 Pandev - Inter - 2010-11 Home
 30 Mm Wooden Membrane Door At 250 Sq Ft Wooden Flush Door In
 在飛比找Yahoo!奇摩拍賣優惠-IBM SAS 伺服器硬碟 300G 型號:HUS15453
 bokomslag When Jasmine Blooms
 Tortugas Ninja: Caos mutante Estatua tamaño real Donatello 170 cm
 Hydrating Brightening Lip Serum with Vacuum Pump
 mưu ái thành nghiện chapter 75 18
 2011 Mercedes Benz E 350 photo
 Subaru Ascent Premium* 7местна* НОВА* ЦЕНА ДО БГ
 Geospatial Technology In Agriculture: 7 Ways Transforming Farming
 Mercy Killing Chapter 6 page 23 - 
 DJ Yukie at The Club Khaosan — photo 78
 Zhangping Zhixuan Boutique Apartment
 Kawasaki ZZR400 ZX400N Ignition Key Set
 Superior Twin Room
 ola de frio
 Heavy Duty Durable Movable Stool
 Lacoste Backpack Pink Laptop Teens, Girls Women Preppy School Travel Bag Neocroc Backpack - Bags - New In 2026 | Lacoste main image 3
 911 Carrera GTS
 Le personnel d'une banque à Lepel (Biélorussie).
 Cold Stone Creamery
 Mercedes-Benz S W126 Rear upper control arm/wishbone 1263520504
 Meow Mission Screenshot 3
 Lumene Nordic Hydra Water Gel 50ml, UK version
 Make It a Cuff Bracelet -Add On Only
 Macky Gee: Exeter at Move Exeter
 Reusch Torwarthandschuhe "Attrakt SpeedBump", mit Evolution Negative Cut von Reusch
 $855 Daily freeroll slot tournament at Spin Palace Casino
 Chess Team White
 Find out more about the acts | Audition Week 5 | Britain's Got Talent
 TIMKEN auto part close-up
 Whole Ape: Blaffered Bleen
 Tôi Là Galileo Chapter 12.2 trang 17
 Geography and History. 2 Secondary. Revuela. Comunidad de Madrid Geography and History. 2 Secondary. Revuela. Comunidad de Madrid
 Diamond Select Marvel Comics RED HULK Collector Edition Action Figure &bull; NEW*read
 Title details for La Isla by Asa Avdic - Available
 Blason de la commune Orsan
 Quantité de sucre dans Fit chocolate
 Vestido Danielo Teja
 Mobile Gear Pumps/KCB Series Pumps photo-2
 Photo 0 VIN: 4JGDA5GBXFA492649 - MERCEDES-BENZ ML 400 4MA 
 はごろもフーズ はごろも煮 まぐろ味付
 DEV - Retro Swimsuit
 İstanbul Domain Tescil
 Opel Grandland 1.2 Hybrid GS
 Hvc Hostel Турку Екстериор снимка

================

:: Work instruction ::
Word for word, repeat the lines from the one holding "Title details for" through the last line of the entries, both included.

:: Result of this exercise ::
 Title details for La Isla by Asa Avdic - Available
 Blason de la commune Orsan
 Quantité de sucre dans Fit chocolate
 Vestido Danielo Teja
 Mobile Gear Pumps/KCB Series Pumps photo-2
 Photo 0 VIN: 4JGDA5GBXFA492649 - MERCEDES-BENZ ML 400 4MA 
 はごろもフーズ はごろも煮 まぐろ味付
 DEV - Retro Swimsuit
 İstanbul Domain Tescil
 Opel Grandland 1.2 Hybrid GS
 Hvc Hostel Турку Екстериор снимка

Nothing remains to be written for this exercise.